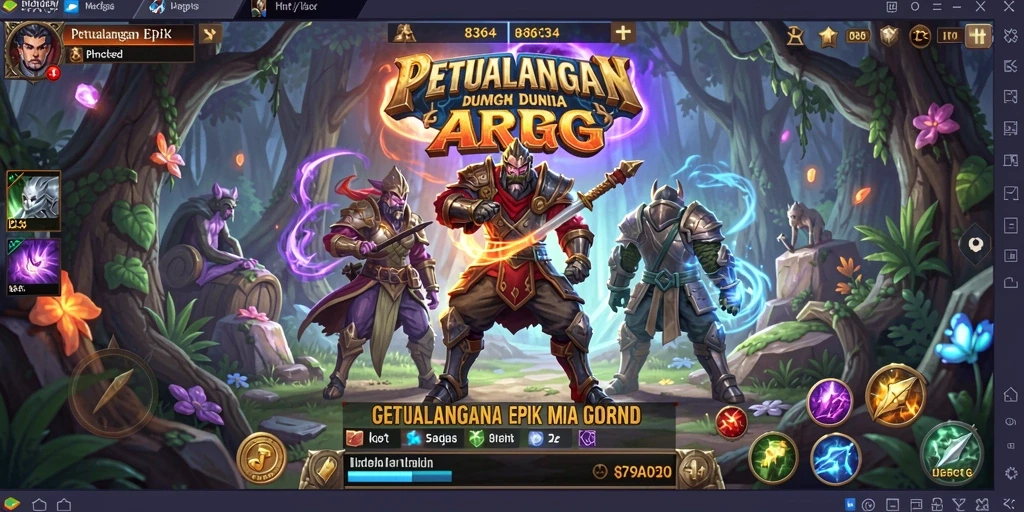 Gameplay seru di dunia fantastis 8364 dengan pertarungan karakter.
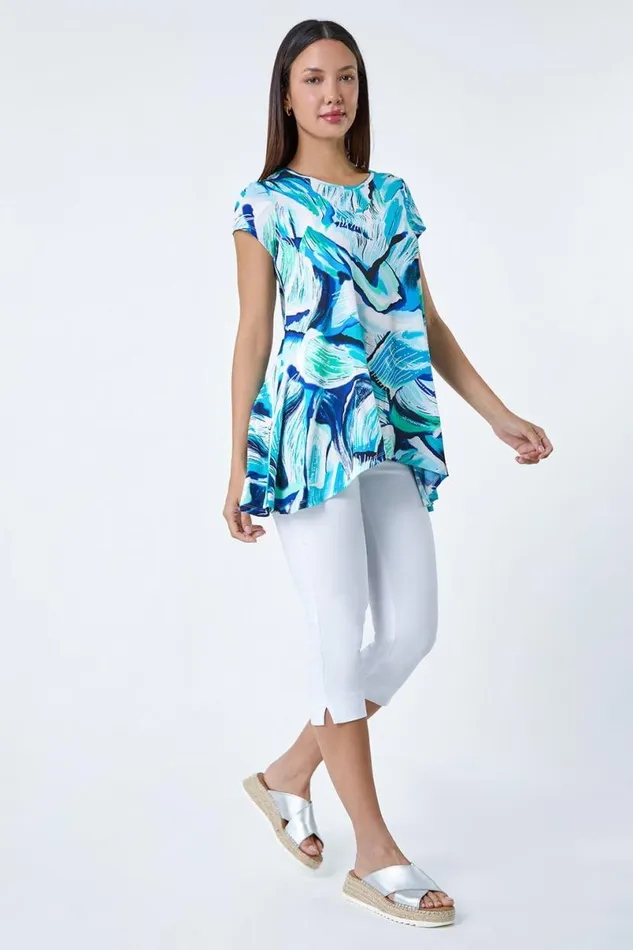 Turquoise Textured Abstract Stretch Hanky Hem Tunic Top Women Roman Tops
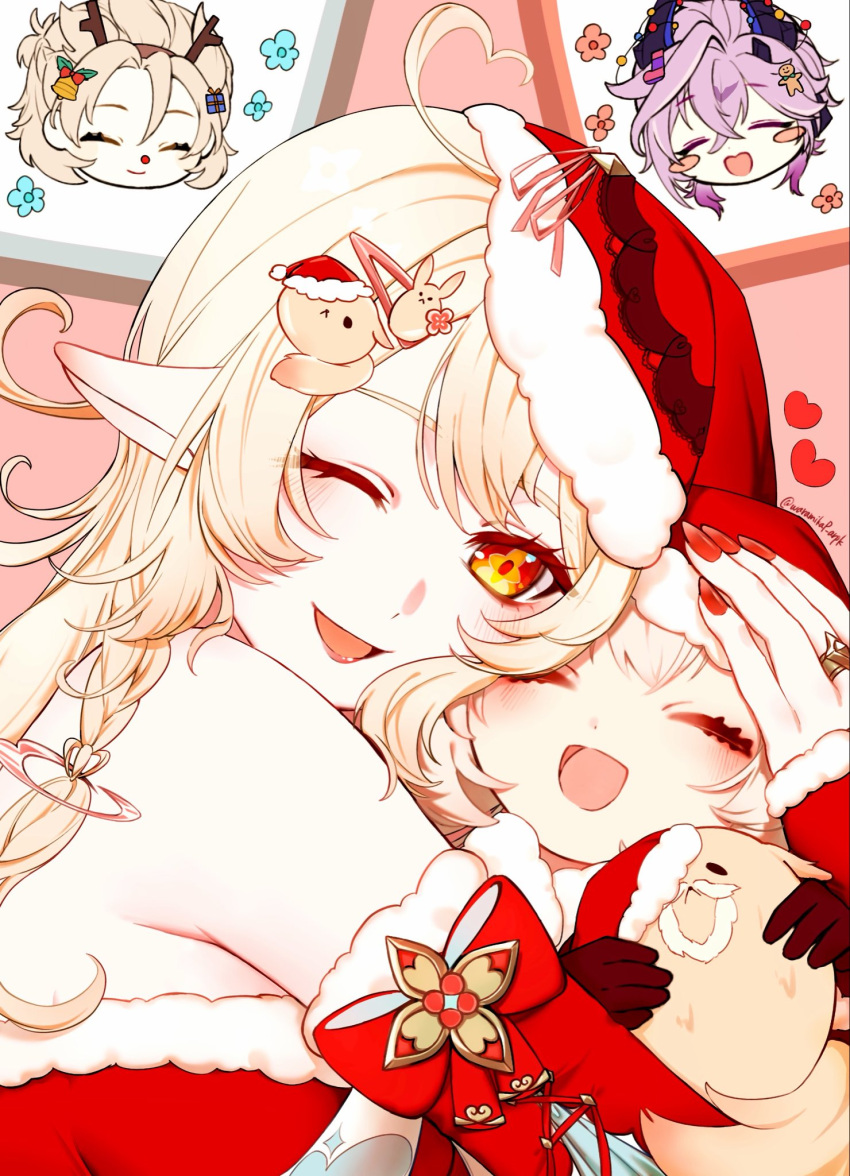 2boys 2girls :d ;d ^_^ albedo_(genshin_impact) alice_(genshin_impact) animal_ears antlers bare_shoulders blonde_hair blush bow closed_eyes closed_mouth commentary_request detached_sleeves dodoco_(genshin_impact) durin_(genshin_impact) ear_blush fake_animal_ears fingernails from_side fur-trimmed_headwear fur_trim genshin_impact hat highres holding horns hug klee_(genshin_impact) long_hair looking_at_viewer mother_and_child mother_and_daughter multiple_boys multiple_girls nail_polish one_eye_closed open_mouth parent_and_child pointy_ears purple_hair red_bow red_eyes red_hat red_nails red_sleeves reindeer_antlers smile symbol_in_eye waramikap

○ ○ ○ ○ ○ ○ ○

# Goal of the exercise
A verbatim transcription of the listing is expected, with no pictures included.

# Response area
 Gameplay seru di dunia fantastis 8364 dengan pertarungan karakter.
 Turquoise Textured Abstract Stretch Hanky Hem Tunic Top Women Roman Tops
 2boys 2girls :d ;d ^_^ albedo_(genshin_impact) alice_(genshin_impact) animal_ears antlers bare_shoulders blonde_hair blush bow closed_eyes closed_mouth commentary_request detached_sleeves dodoco_(genshin_impact) durin_(genshin_impact) ear_blush fake_animal_ears fingernails from_side fur-trimmed_headwear fur_trim genshin_impact hat highres holding horns hug klee_(genshin_impact) long_hair looking_at_viewer mother_and_child mother_and_daughter multiple_boys multiple_girls nail_polish one_eye_closed open_mouth parent_and_child pointy_ears purple_hair red_bow red_eyes red_hat red_nails red_sleeves reindeer_antlers smile symbol_in_eye waramikap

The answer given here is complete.